Around 1856 or 1857, the cartoon was moved from the Royal Tapestry Factory of Santa Bárbara to the Palacio de Oriente in Madrid, and it remained in the tapestry basements until, under orders given on 18 January and 9 February 1870, it was taken to the Prado Museum that same year. It remained rolled up in the museum's warehouse until 1984, when Mercedes Águeda recovered the work and lent her voice to the argument that attributed its authorship to Goya.

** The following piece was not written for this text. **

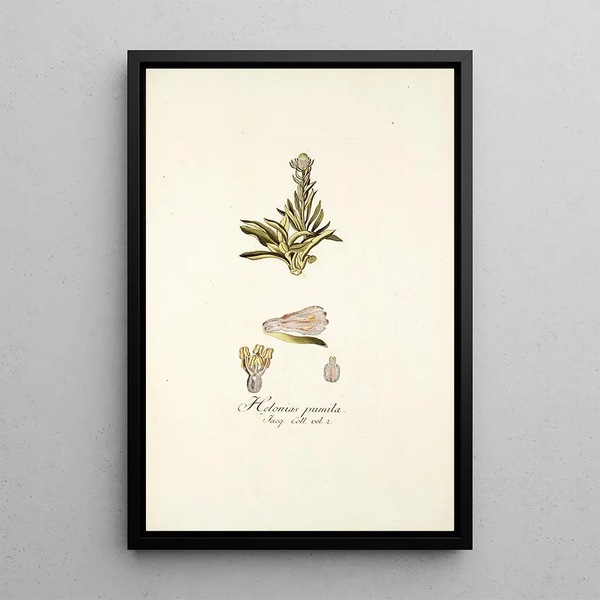 Helonias pumila - Nikolaus Joseph Freiherr von Jacquin — framed artwork on a wall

This overdoor piece is somewhat problematic. When it entered the collection of the Prado (it was probably Cruzada Villaamil who drew up the inventory of the newly acquired works) it was considered to lack artistic interest and it was not attributed to anyone. The work was then lost in the museum's collections until Sambricio included it - with some reservations - in his catalogue of tapestry cartoons by Goya, although he never had the opportunity to see it and he did not include a reproduction of the image. Based purely on the tapestry, the author added that the composition was really quite unfortunate and bore no resemblance to the technique of Goya. It was not until 1984 that Mercedes Águeda finally found the cartoon in the museum and once again insisted on Goya's authorship. Arnaiz agrees with Vicente López and Águeda and is of the opinion that the painting is entirely in keeping with Goya's style of painting.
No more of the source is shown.